Лишенный алчности и чувства зависти, Федор Михайлович казался белой вороной при дворе. И, несомненно, он был бы сильно стеснен и даже «заклеван» властолюбивыми соперниками, если бы не близость к Алексею Михайловичу. Эта духовная связь возникла еще в ранние годы и отчасти прослеживается в восхождении Федора Михайловича по придворным должностям. Мы почти всегда видим его около государя. В 1646 году он унаследовал отцовскую должность стряпчего с ключом. Четыре года спустя вновь сменил отца, на этот раз на ответственной должности постельничего. Видно, что Алексей Михайлович чувствовал постоянную потребность в этом человеке и старался держать его вблизи и почасту общаться с ним.

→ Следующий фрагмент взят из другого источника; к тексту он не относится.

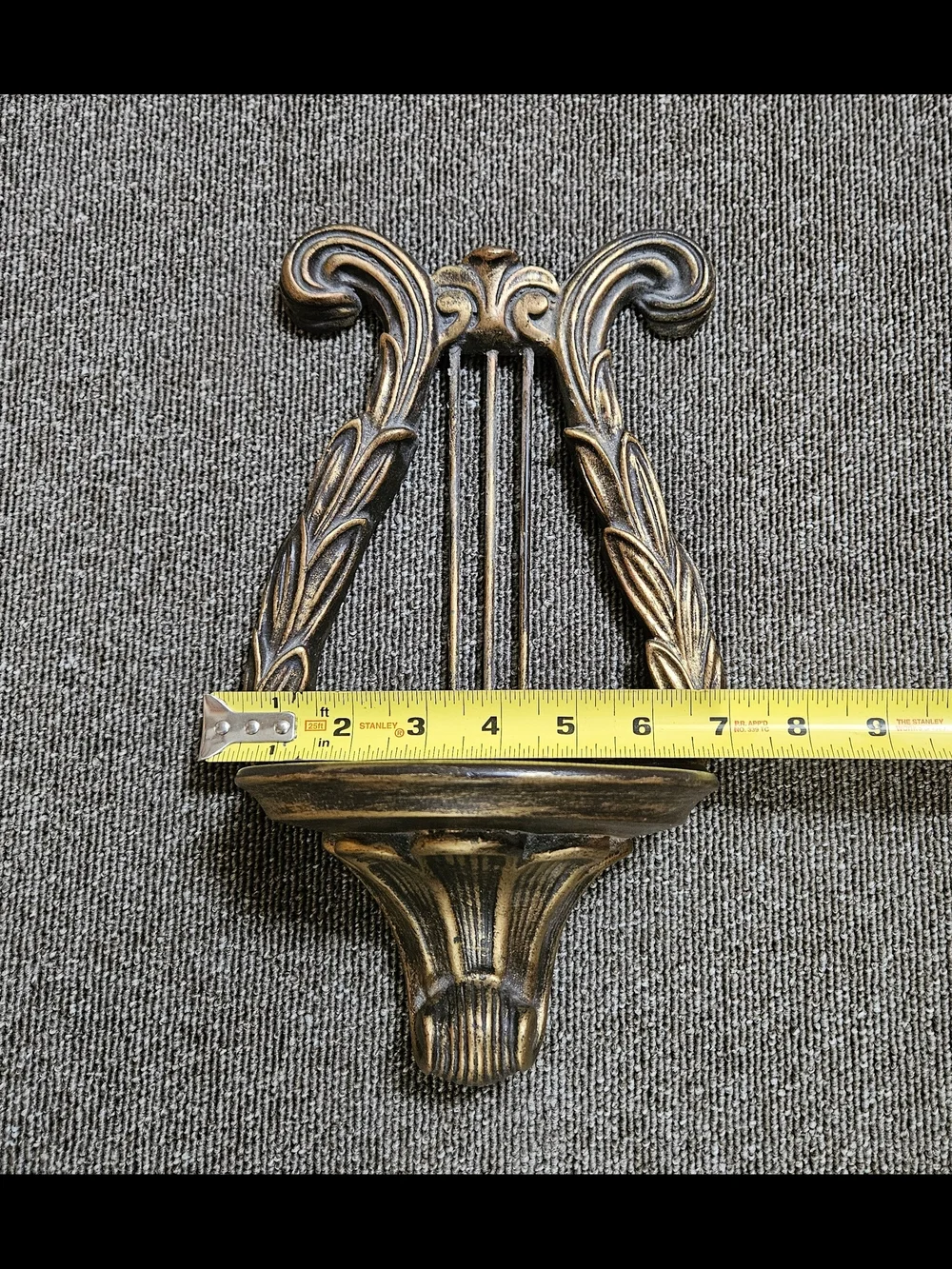 Vintage Chalkware Lyre Harp Shaped Wall Shelf~Bronze Tone 12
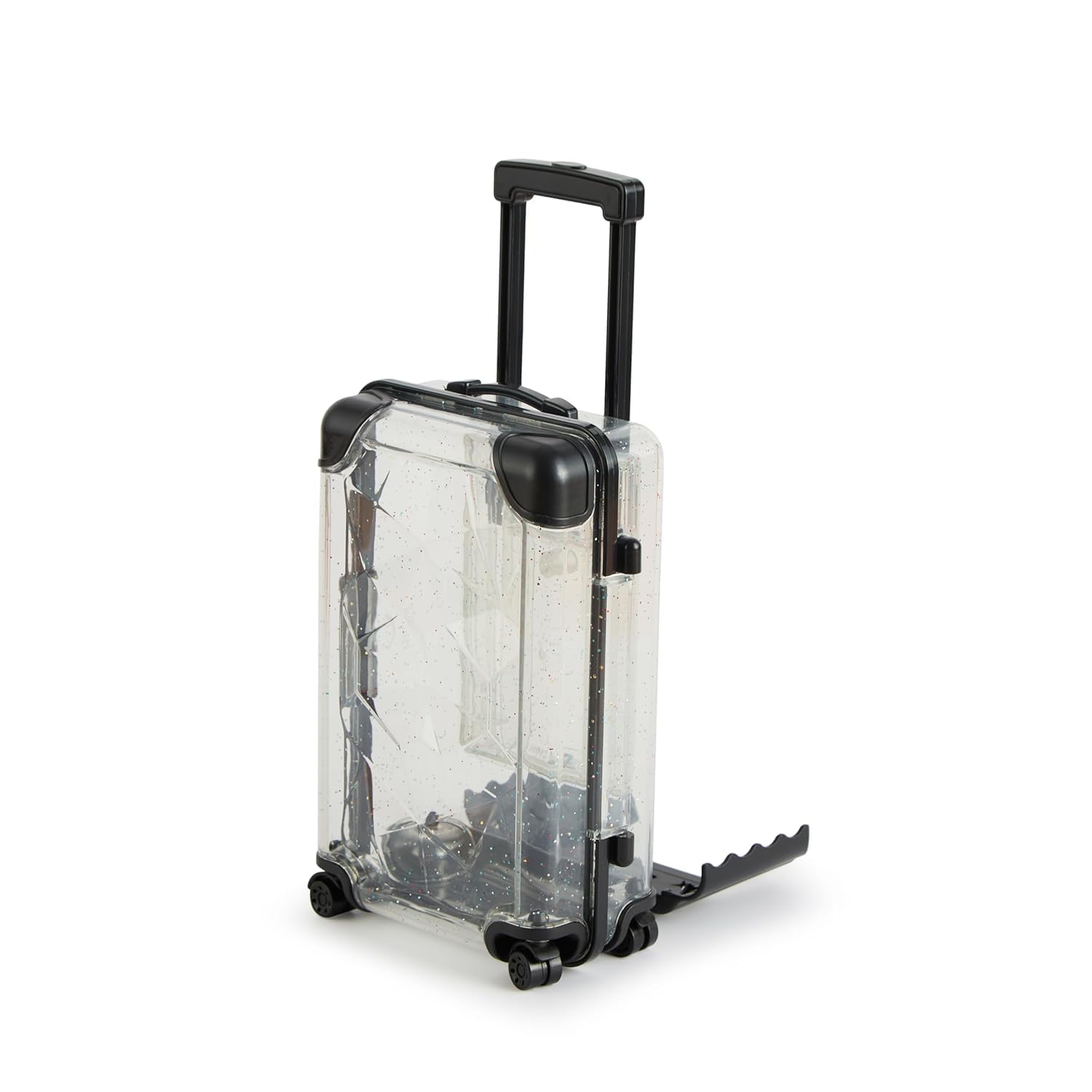 Mini Suitcase Money Box with Mobile Phone Holder, Creative Money Box, Transparent Miniature Travel Case, Money Box, Smartphone Holder, Table Decoration Accessory for Living Room (White)-image-37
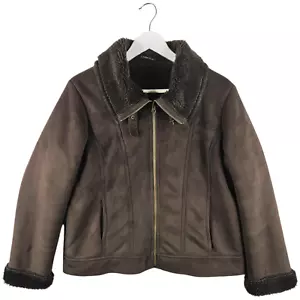 Bon Marche Bm Womens Brown Faux Suede Fur Lined Jacket Size 16 - Picture 1 of 14
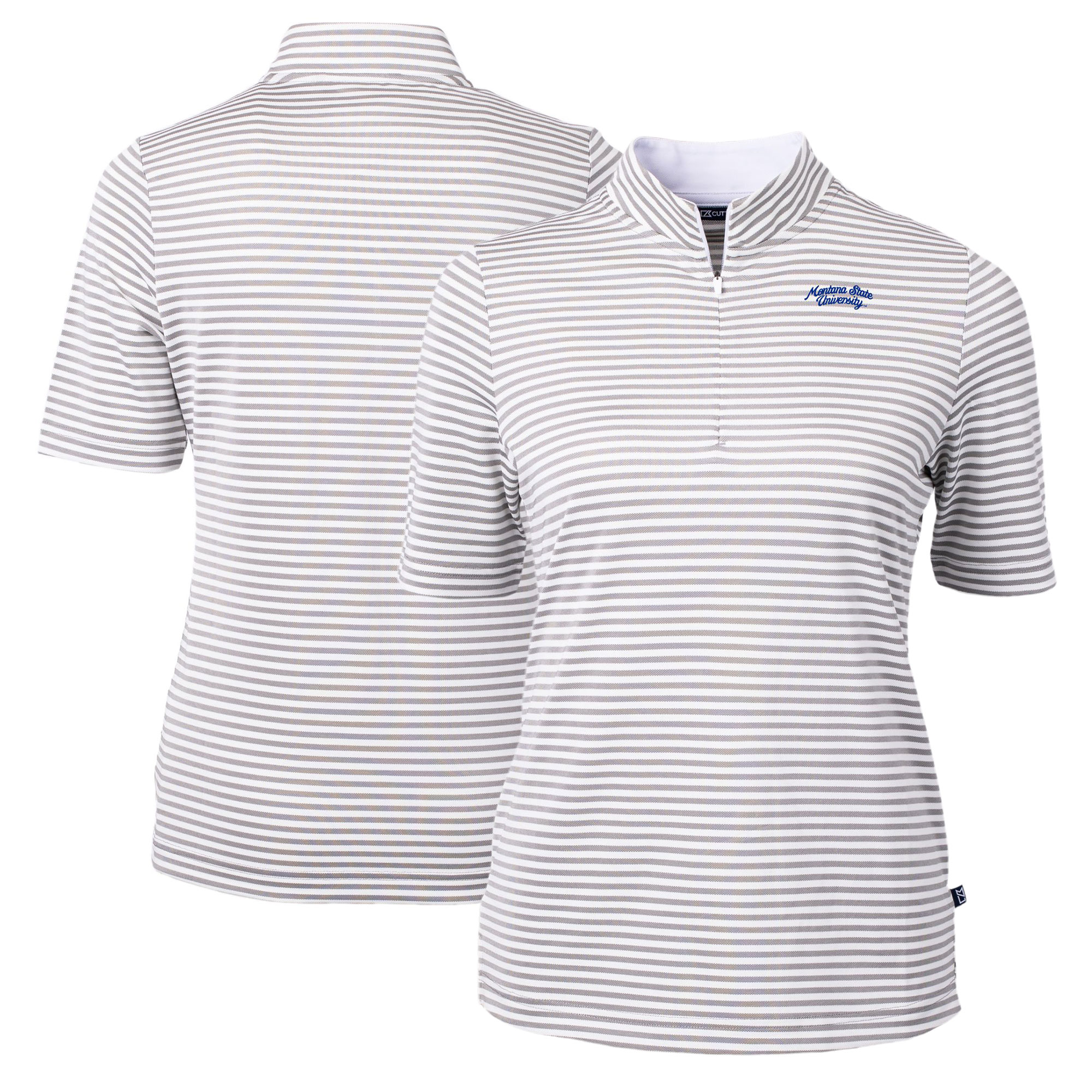 Women's Cutter & Buck Gray Montana State Bobcats Vault DryTec Virtue Eco Pique Stripe Recycled Top - Image 2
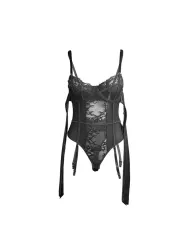 SUBBLIME - 955502 BODY EN DENTELLE AVEC NŒUDS ET JARRETELLES NOIR L/XL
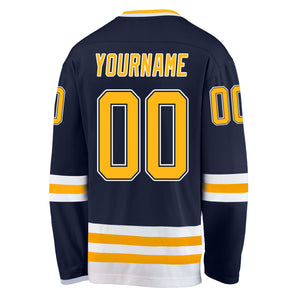 Custom Navy Gold-White Hockey Jersey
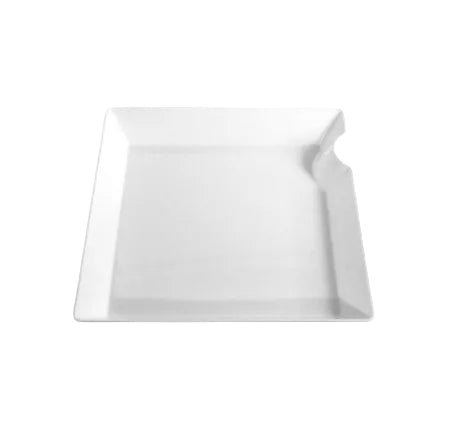 Compostable white plate on a plain white background.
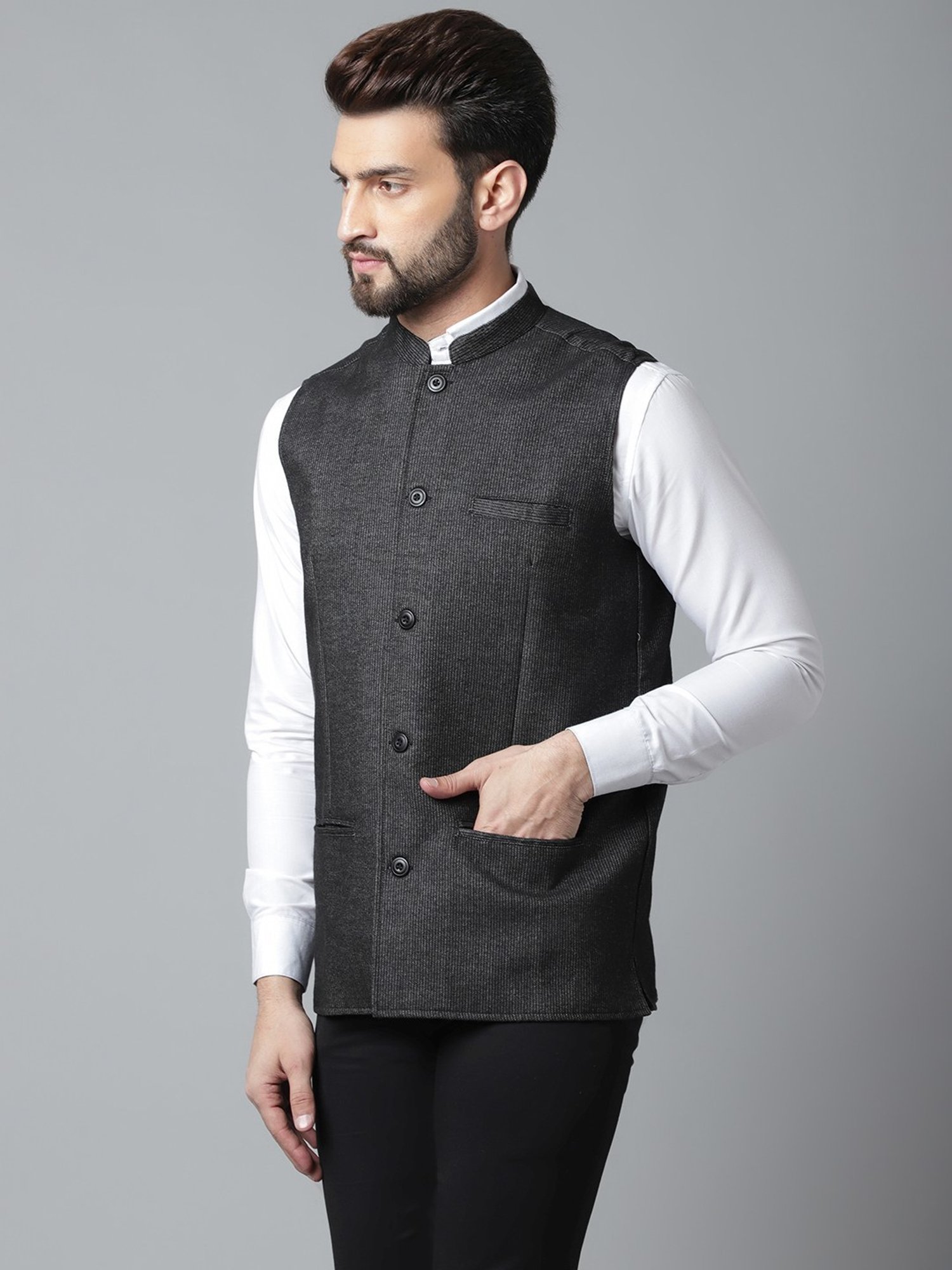 Even Black Regular Fit Nehru Jacket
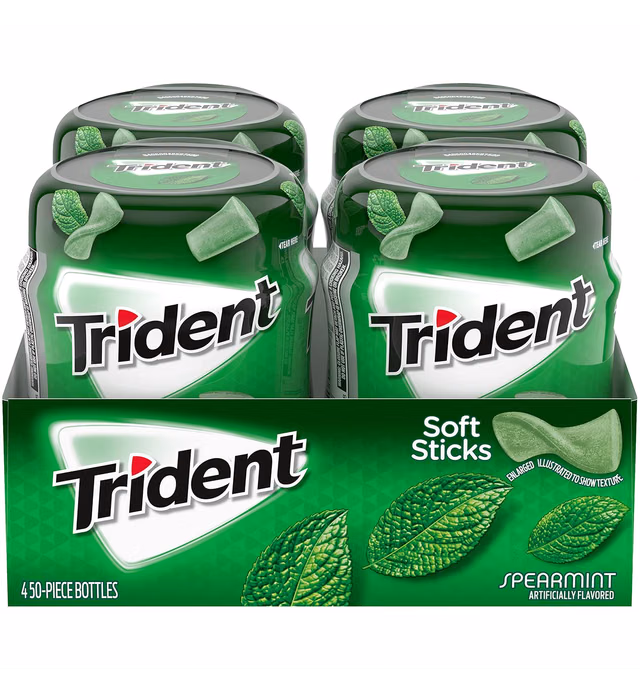 Trident Unwrapped Spearmint Sugar Free Gum, 4 Bottles of 50 Pieces (200 Total Pieces)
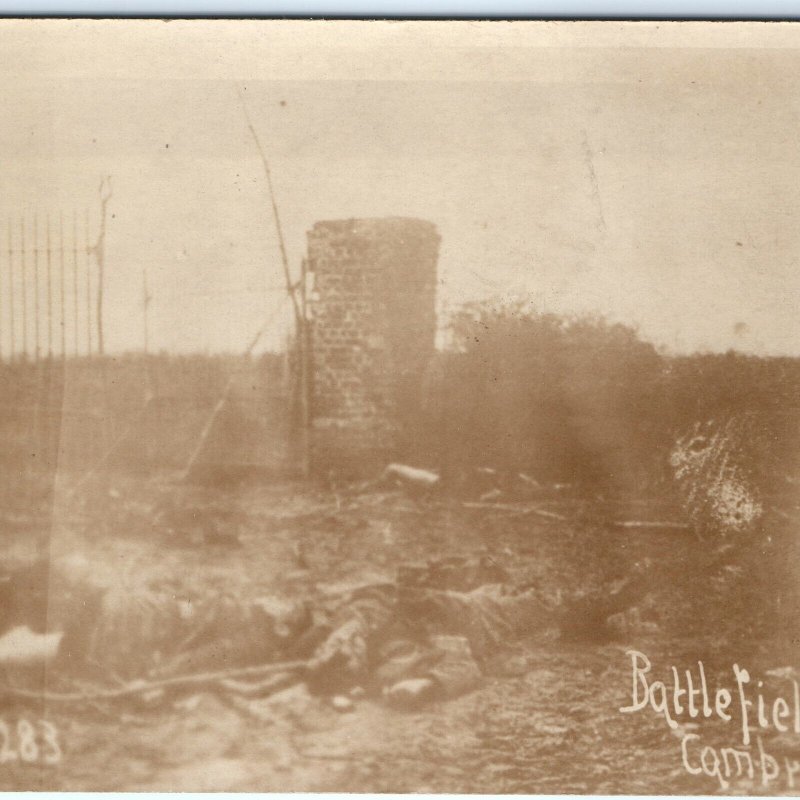 c1917 WWI RPPC Battlefield Near Cambrai, France Ruins War Casualties Photo A161
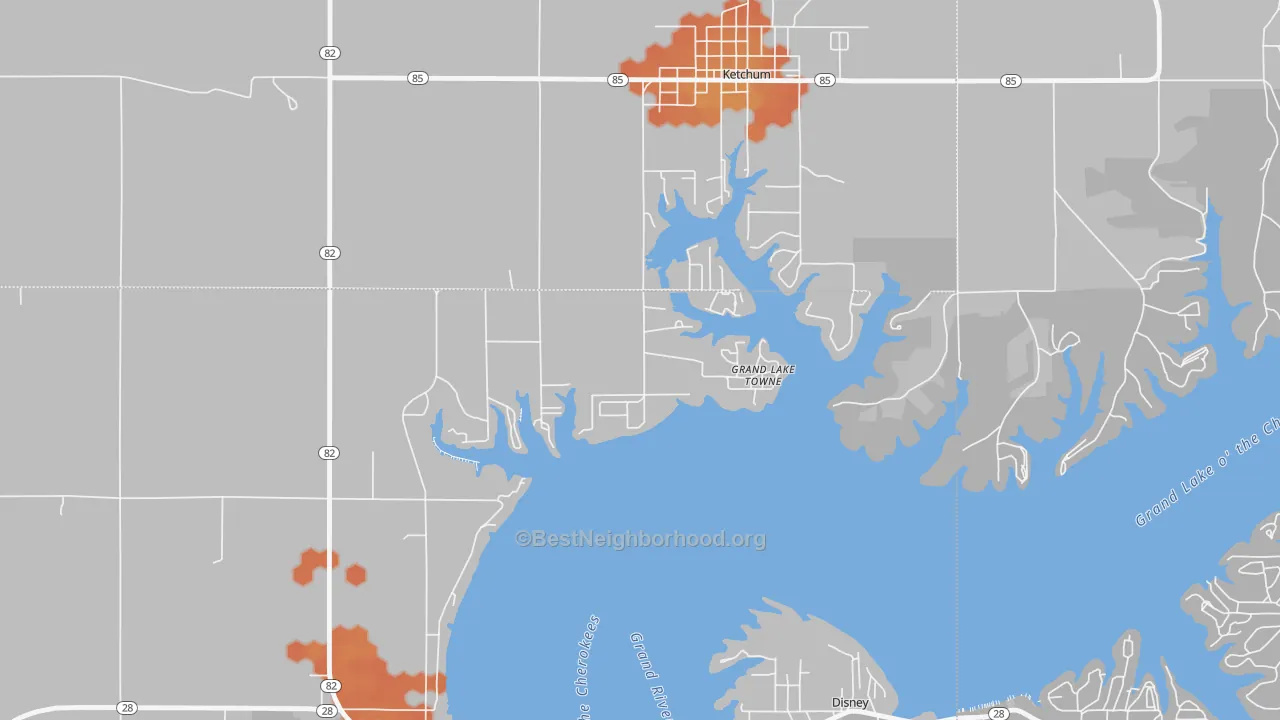 Bike Grade map of Grand Lake Towne, OK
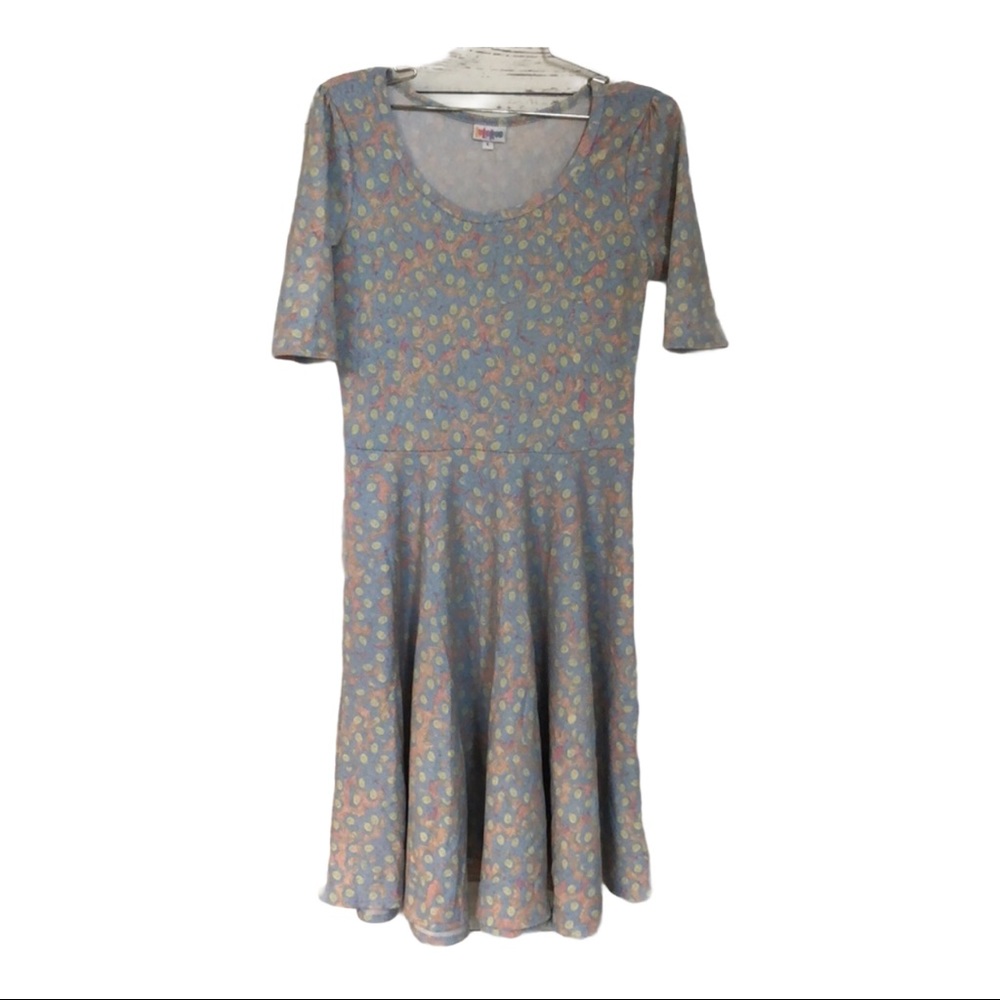 LulaRoe flared pastel print Amelia dress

Неудивительно, что такие личности, как Вонифатьев и Ртищев, сделали Алексея Михайловича своим горячим сторонником. Царь готов был вести жизнь, скроенную по меркам и лекалам ревнителей. В этом смысле его первая свадьба, во время которой девятнадцатилетний, полный жизни юноша находил отдохновение в духовных песнопениях, символична. Не веселье и грубое «бесовское» скоморошество, не обильное возлияние за заздравными тостами, а торжество благочестия и благочиния! В контексте последующих событий царская свадьба — своеобразная декларация о намерениях. При всем почитании Ивана IV, которому второй Романов во многом пытался подражать, молодой Алексей Михайлович не желал совершать сомнительные поступки и уж тем более плясать с придворными скоморохами в «машкарах» под загульные молодецкие песни.

Голос ревнителей слышен и в мартовском указе 1647 года, запрещавшем православным работать в воскресные и праздничные дни, предназначенные для молитвы и пребывания в церкви, а также в указах, преследующих скоморохов[147].

Даже на события 1648 года молодой государь взглянул глазами ревнителей. Для него скопы и бунты в городах — несомненное свидетельство остужения православного чувства в народе. Да и как иначе было реагировать на воеводские отписки с описанием народного своеволия, когда завсегдатаи кабаков похвалялись, что «не диковина» де им само государево дело и сама государева казна! Потому вовсе не случайно, что в самый разгар работы над Уложением царь и дума занялись законотворчеством, казалось бы, очень далеким от злобы дня, — заботой о народном благочестии.